The Senate’s 45-21 vote followed a 75-59 vote in the Minnesota House on Tuesday night, and it came on the heels of last week’s sentencing of former Minneapolis police Officer Derek Chauvin to 22 1/2 years for murder in the death of George Floyd. The bill attracted Republican support in both chambers, while some Democrats who said it didn’t go far enough voted no. It now goes to Democratic Gov. Tim Walz for his signature.

The bill contains limits on no-knock warrants and on the use of informants. It was amended on the floor to allow “sign-and-release” warrants so that police aren’t required to arrest low-level offenders just because they had missed a court appearance. But Democrats who control the House dropped their push for a ban on “pretextual” traffic stops for minor offenses such as expired license tabs.

The approval follows on a police accountability package passed last summer that included a statewide ban on the use of chokeholds.

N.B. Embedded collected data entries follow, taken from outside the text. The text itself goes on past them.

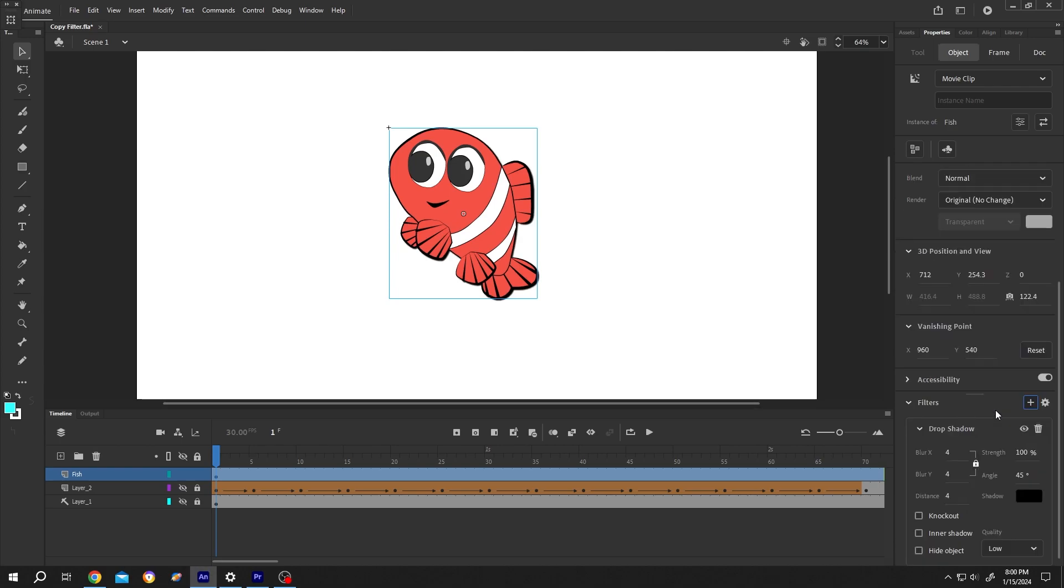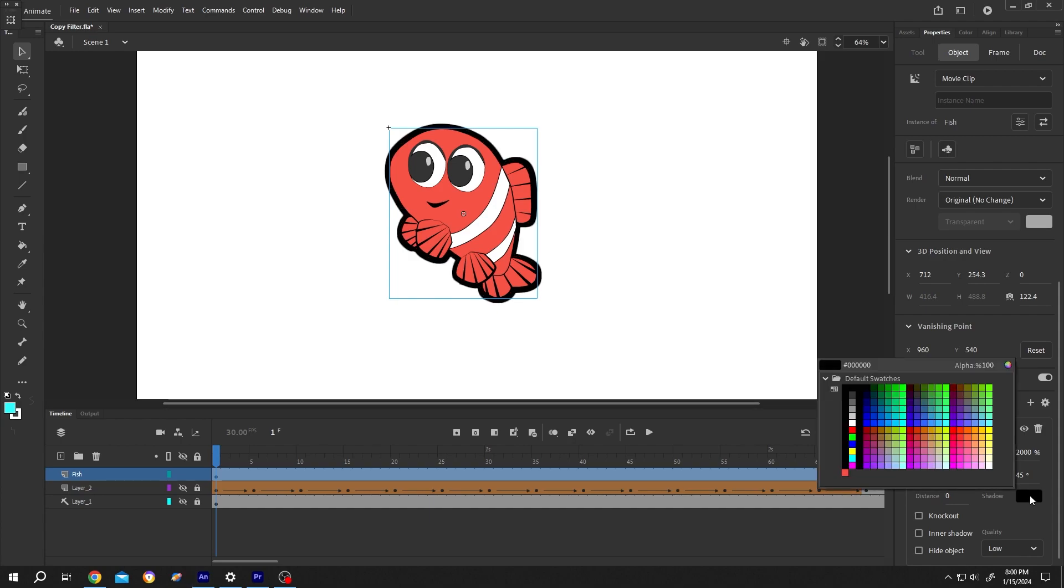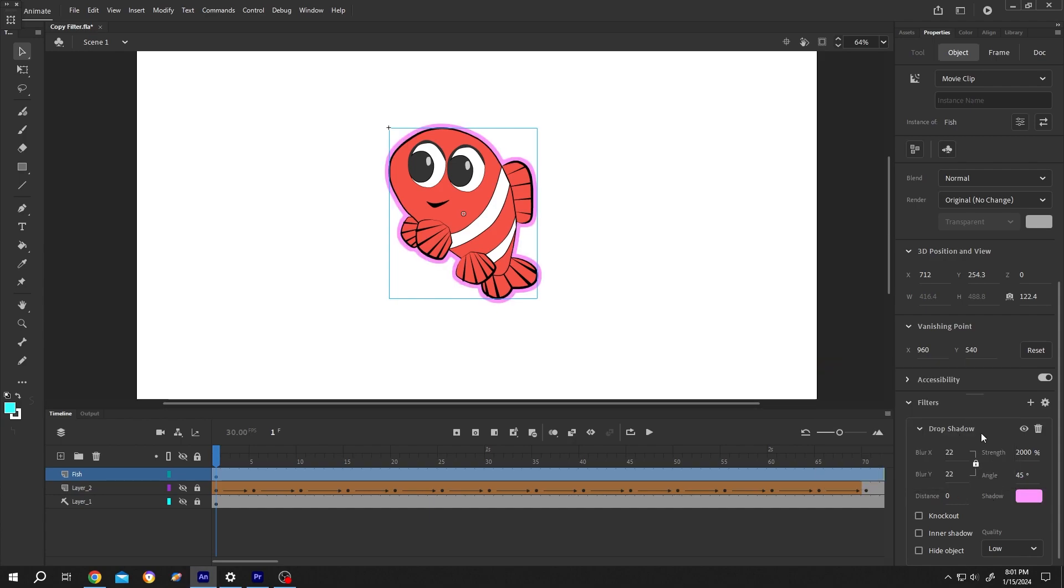Select the drop shadow. Distance 0. A strength like 2000%. Increase the blur. Change the border color. Now we have our border.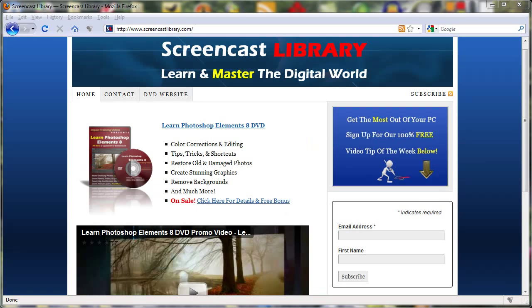For more free videos and tips and tricks like this one, please make sure and subscribe to our YouTube channel and also visit us at www.screencastlibrary.com. Thanks for watching.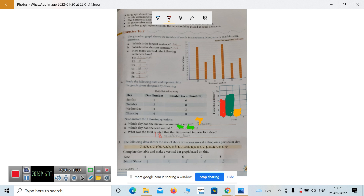Let's move to the next one. The following data shows the sale of shoes of various sizes at a shop on a particular day. Complete the table and mark a vertical bar graph based on this. You have the size of the shoes and the numbers given. The sizes are 4, 5, 6, 7, and 8. You have to tally the number of shoes for each size.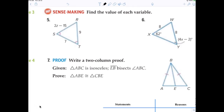For question number five, what equation are we writing? 2Z minus 15 equals 9. Using your math skills, Z equals 12.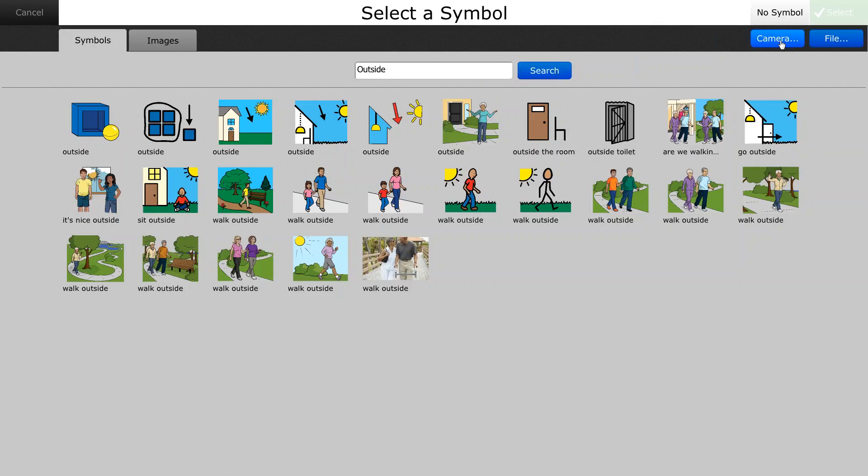So what I'm going to do is I'm just going to select this picture here pointing to the outside, and I'm going to hit select.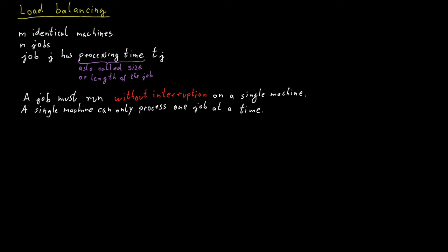We now have to assign each job to some machine, which results in an allocation of jobs to machines, and it results in each machine receiving a certain load. The load of the machine is just the sum of all the processing times of the jobs that have been assigned to that machine.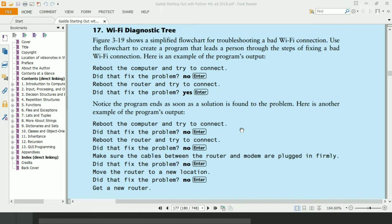Welcome guys. In this video, I will write the Python program for the 17th exercise of chapter 3 of the book Starting Out with Python. This is the Wi-Fi diagnostic tree program.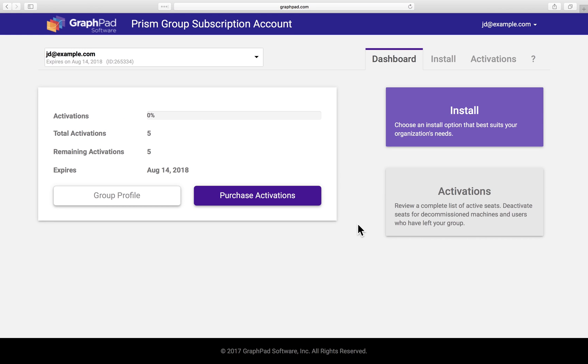So that was a quick tour of our admin interface for group subscriptions, just to give you an idea of its advantages over managing individual licenses. Thanks for watching.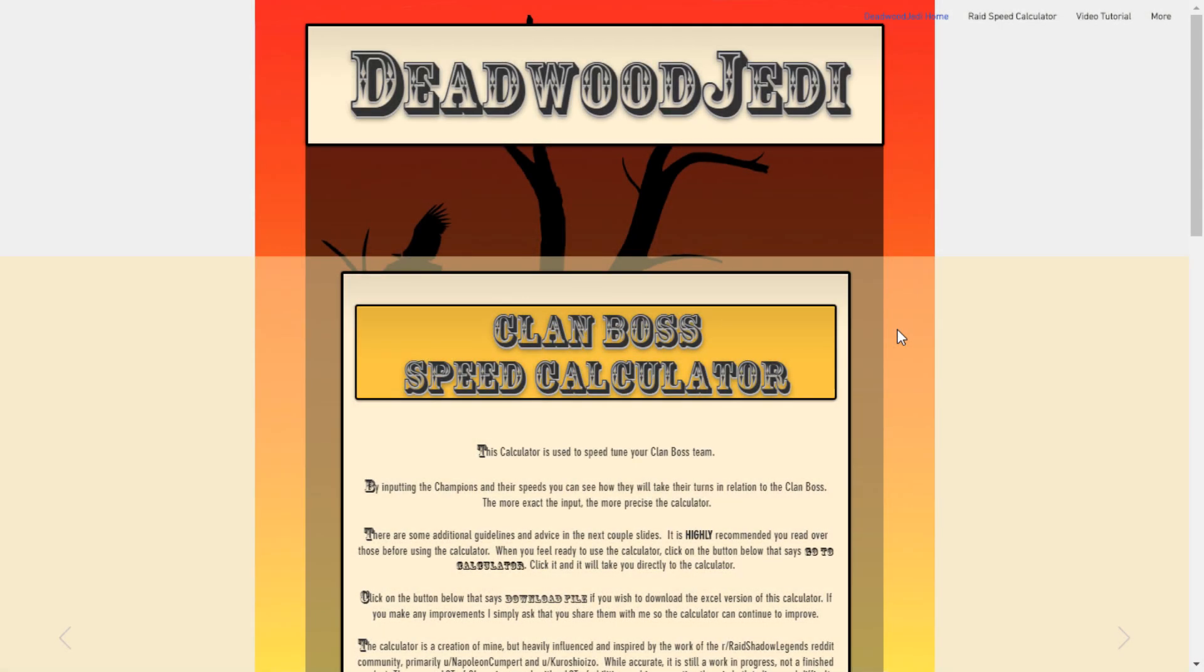Welcome back guys. This is going to be the last installment for the speed calculator tutorial series. Before we get into this video about how to avoid pitfalls and problem solve some of the limitations that the calculator has innately in it, I do want to make a couple of acknowledgements.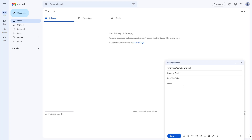I'll type: 'I hope you are enjoying learning this course with me.' Then I'll sign off with 'Sincerely, DoToTube.' So you can see that you can type in a message right here in this space.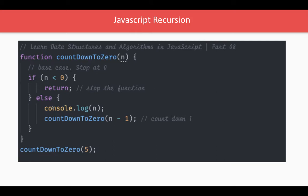In a simple example, the base condition is when the number is less than zero — you stop calling yourself and just return nothing. That stops the recursion. Otherwise, you call yourself again by passing n minus one. So it keeps calling until the number is less than zero — a simple basic example of recursion.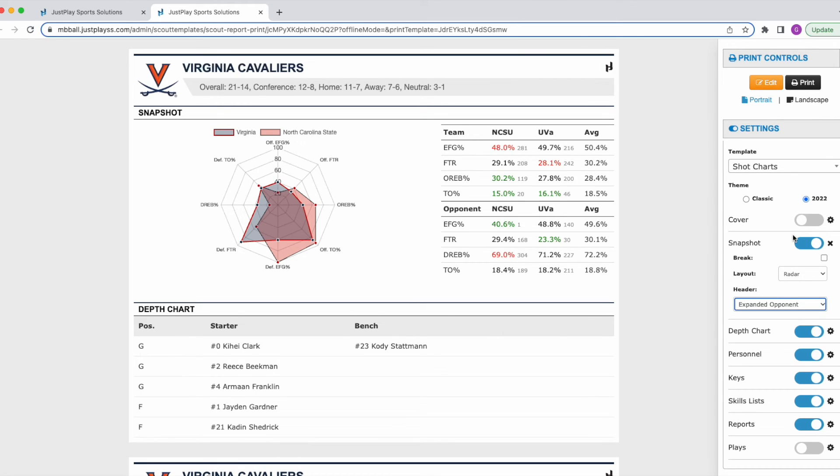And that is how you can toggle between different print settings in your Just Play Scouting Reports.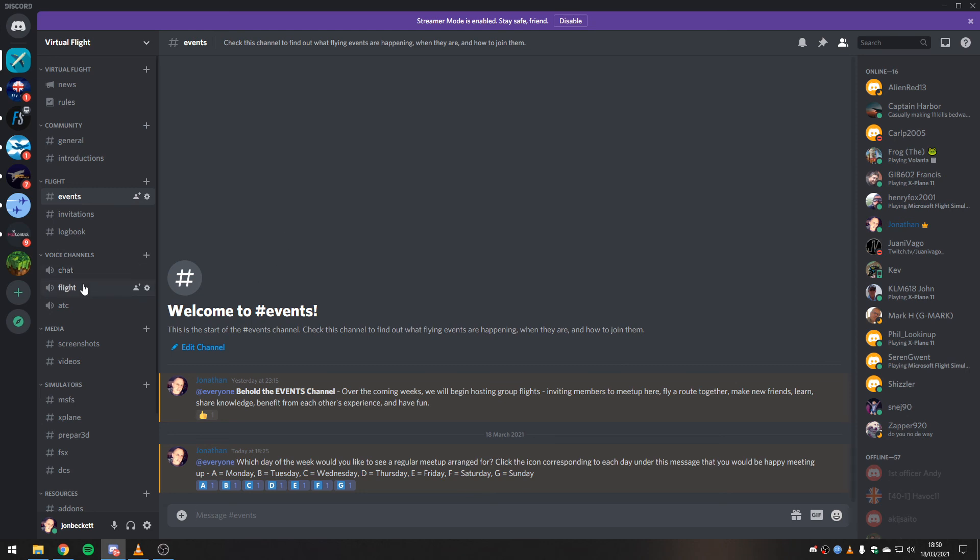So we can all hang out in the flight channel and talk while we're flying, for example, and share each other's screens if we want to. But obviously we'll see each other in the simulator anyway if we're on the same server in Flight Simulator.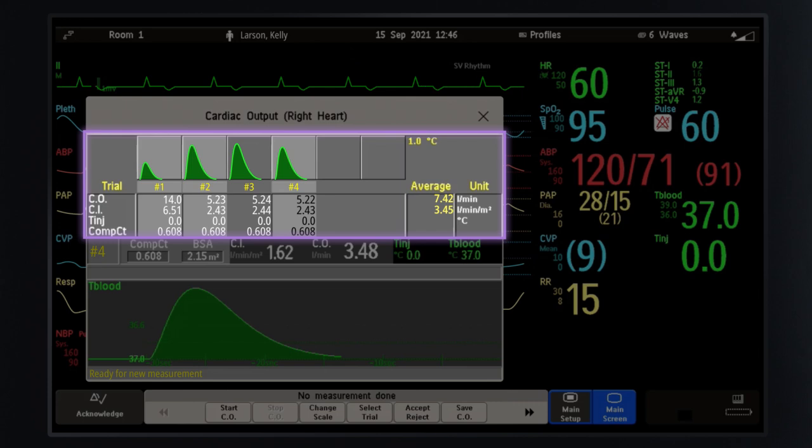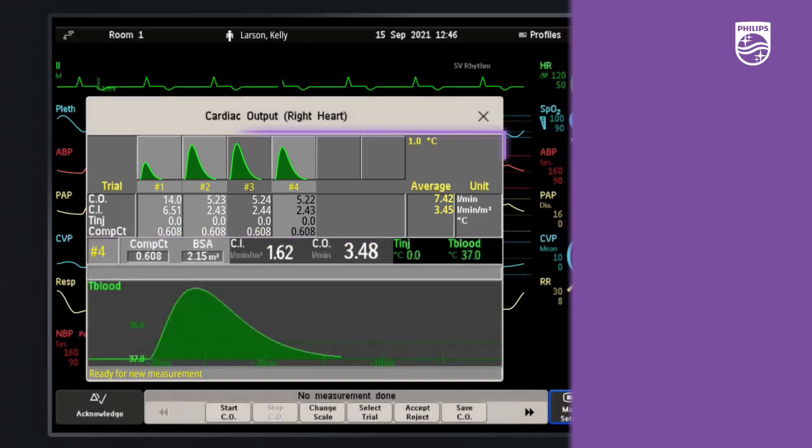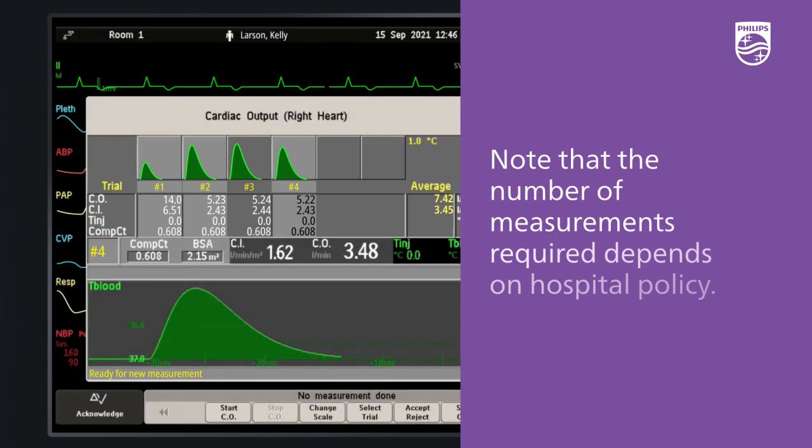In this example, you see that four measurement trials have been completed. Note that the number of measurements required depends on hospital policy.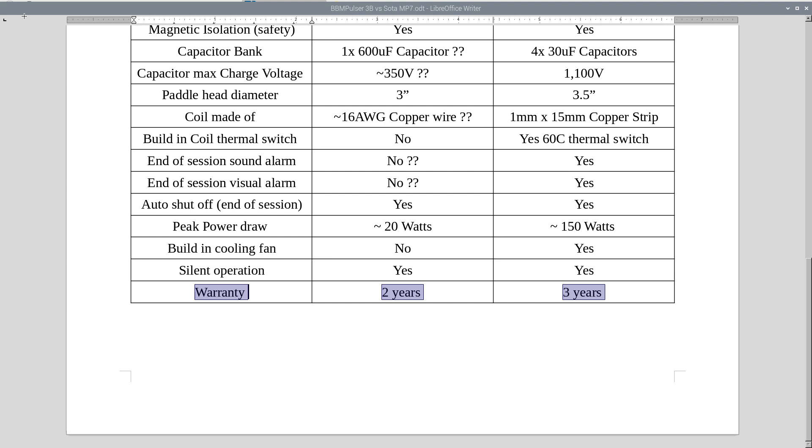Warranty, SOTA offers 2 years warranty. And BB Impulsor, for a kit, it will be 6 months. And for a complete build, it will be 3 years warranty.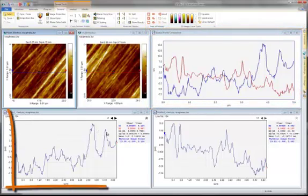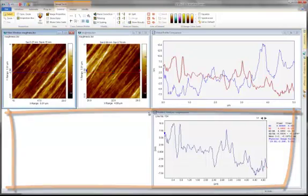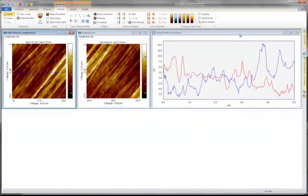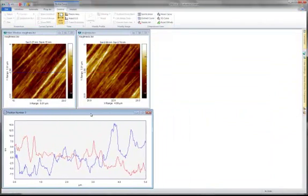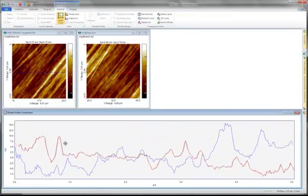We will not be needing these views anymore so we can go ahead and close them. Now we can simply move the profiles using the mouse.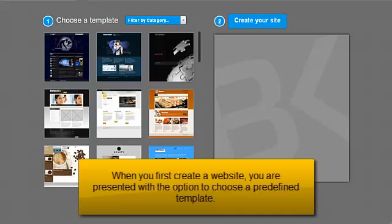When you first create a website, you are presented with the option to choose a predefined template.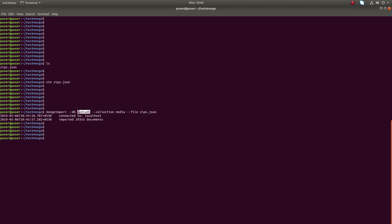Just press enter and you can see it's showing that it imported this many documents. We don't need to create the DB and the collection manually — these two things will be automatically created if they don't already exist.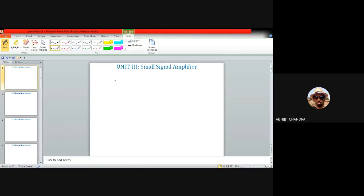In the last class we discussed about the different types of common emitter amplifier and calculated the corresponding voltage gain for each. Today let us first recapitulate what we learned. We considered voltage divider biasing circuit and calculated the voltage gain including emitter resistance in one case and without including emitter resistance in the other case. Let us start with the voltage divider biasing circuit.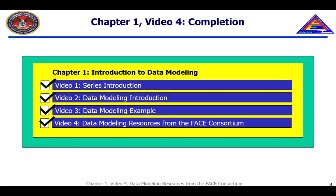This concludes Video 4 from Chapter 1 for Data Modeling Introduction. Chapter 2 and beyond will cover more in-depth material on topics related to data models with the FACE Technical Standard.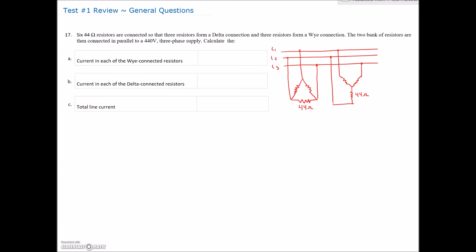Number 17: we've got six 44-ohm resistors connected so that three resistors form a delta connection and three resistors form a Y connection. The two banks of resistors are then connected in parallel to a 440 volt three-phase supply — so the line voltage is 440 volts. We're looking for the current in each of the Y-connected resistors, the delta-connected resistors, and the total line current.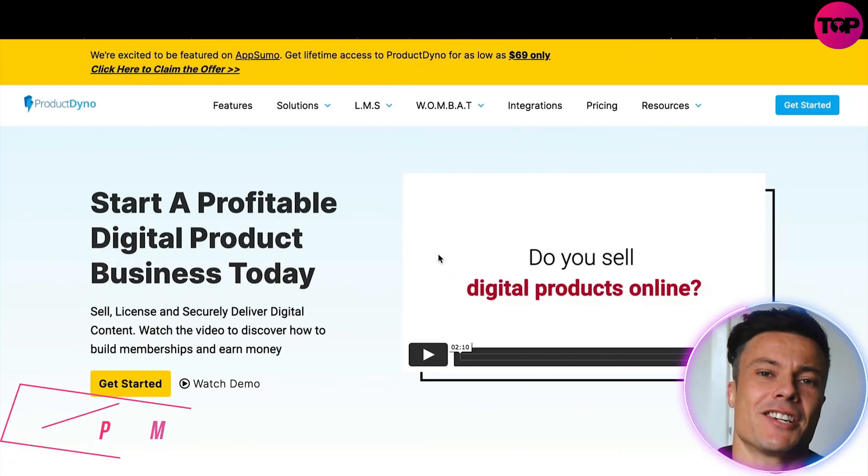Hello guys and welcome back to the channel. In today's video we're going to take a look at Product Dyno, which if you have a digital product is one of the best platforms to use. A massive discount is available down in the link below, so if you want to go and check it out after this video then make sure you use that link to do so. Without further ado let's jump into today's video.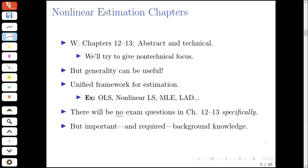A couple of comments on the chapters of non-linear estimation. It's fair to say that Wooldridge chapters 12 and 13 on M-estimation, as well as maximum likelihood estimation, are rather abstract and technical. In these lectures, we try to give a somewhat non-technical focus. I do want to stress, though, that it can be very useful to work with this abstract and somewhat technical setting, in that we can rely on the generality later on.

Democratic Rep. Carlos Mariani, of St. Paul, chairman of the House public safety committee and one of the top negotiators on the bill, agreed it didn’t go far enough but urged lawmakers to approve it anyway and to keep pushing for deeper change. He blamed the Senate GOP majority for blocking stronger action.

“This is a mighty bill,” Mariani said. “And yet as meaningful as all these provisions and more are, it also lacks, in my opinion, the necessary weight of accountability to respond to the persistent use of deadly force by licensed police officers that have produced a steady stream of killings of Black and brown people in Minnesota.”

Senate Republicans resisted stronger measures for months, saying they couldn’t support anything they regarded as anti-police. They put a higher priority on passing a $52 billion, two-year state government budget to replace the current budget, which runs out Wednesday night. Walz had signed eight of the big budget bills by Tuesday, but the public safety package was one of a few still needing approval ahead of the looming deadline.

The top Senate GOP negotiator, Warren Limmer, of Maple Grove, who chairs the judiciary committee, said during his chamber’s debate that Republicans weren’t willing to go further and that Democrats will just have to try again next year.

“We are a divided government.” Limmer said. “And we come to some of these issues with various degrees of opposition. It’s been a rather difficult process to arrive at a common point. I believe we have, as far as we could go. And some of the issues that the House wants will have to be continue to be discussed.”

Lawmakers planned to reconvene later Wednesday to pass two remaining budget bills and complete its special session.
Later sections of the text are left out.